CVE-2026-53009
HIGH 7.8In the Linux kernel, the following vulnerability has been resolved: ice: fix double-free of tx_buf skb If ice_tso() or ice_tx_csum() fail, the error path in ice_xmit_frame_ring() frees the skb, but the 'first' tx_buf still points to it and is marked as valid (ICE_TX_BUF_SKB). 'next_to_use' remains unchanged, so the potential problem will likely fix itself when the next packet is transmitted and the tx_buf gets overwritten. But if there is no next packet and the interface is brought down instead, ice_clean_tx_ring() -> ice_unmap_and_free_tx_buf() will find the tx_buf and free the skb for the second time.

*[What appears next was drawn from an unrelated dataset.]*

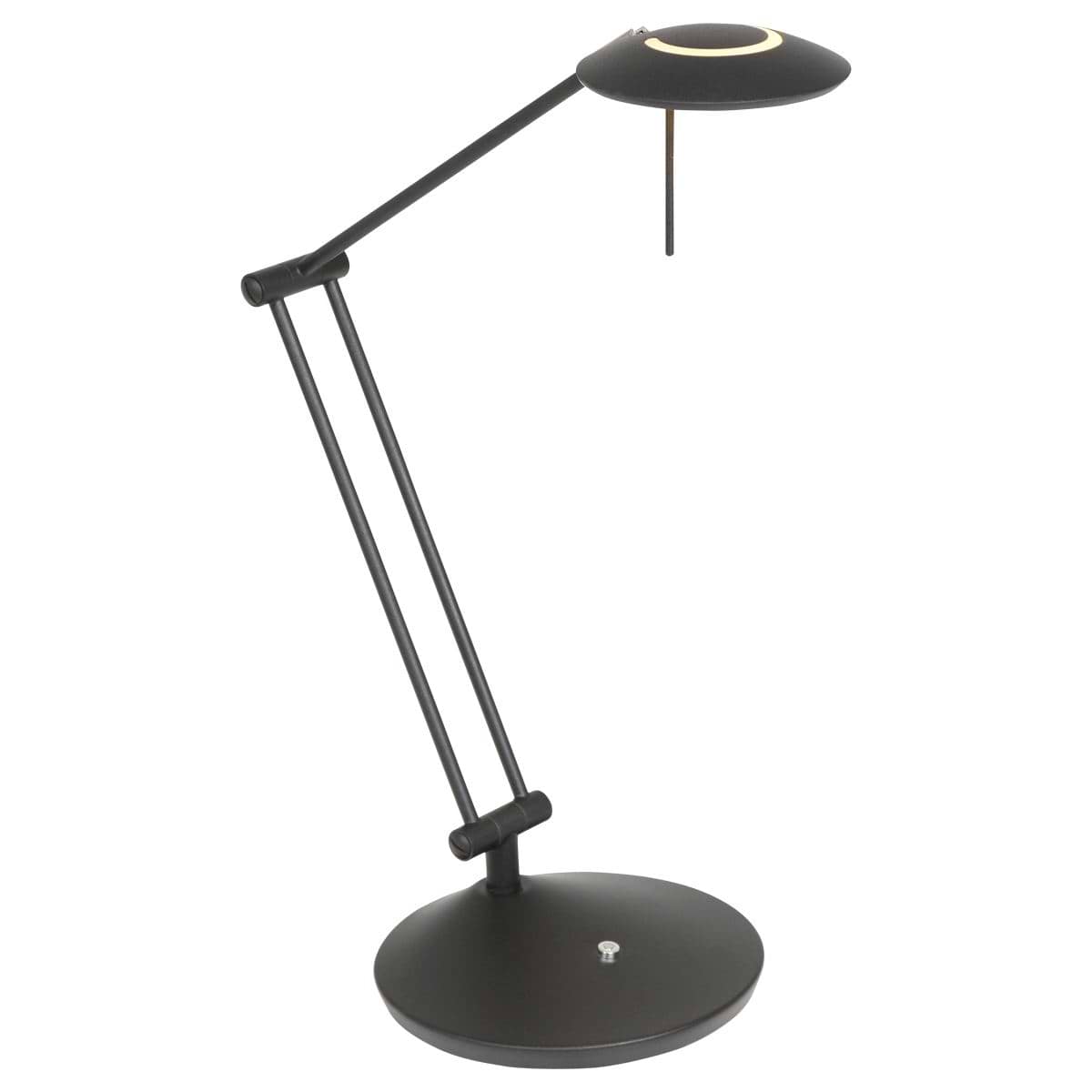 Tafellamp 1-lichts LED knik, zwart en chroom, Zodiac LED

The fix is to reset the tx_buf type to ICE_TX_BUF_EMPTY in the error path, so that ice_unmap_and_free_tx_buf(). Move the initialization of 'first' up, to ensure it's already valid in case we hit the linearization error path. The bug was spotted by AI while I had it looking for something else. It also proposed an initial version of the patch. I reproduced the bug and tested the fix by adding code to inject failures, on a build with KASAN. I looked for similar bugs in related Intel drivers and did not find any.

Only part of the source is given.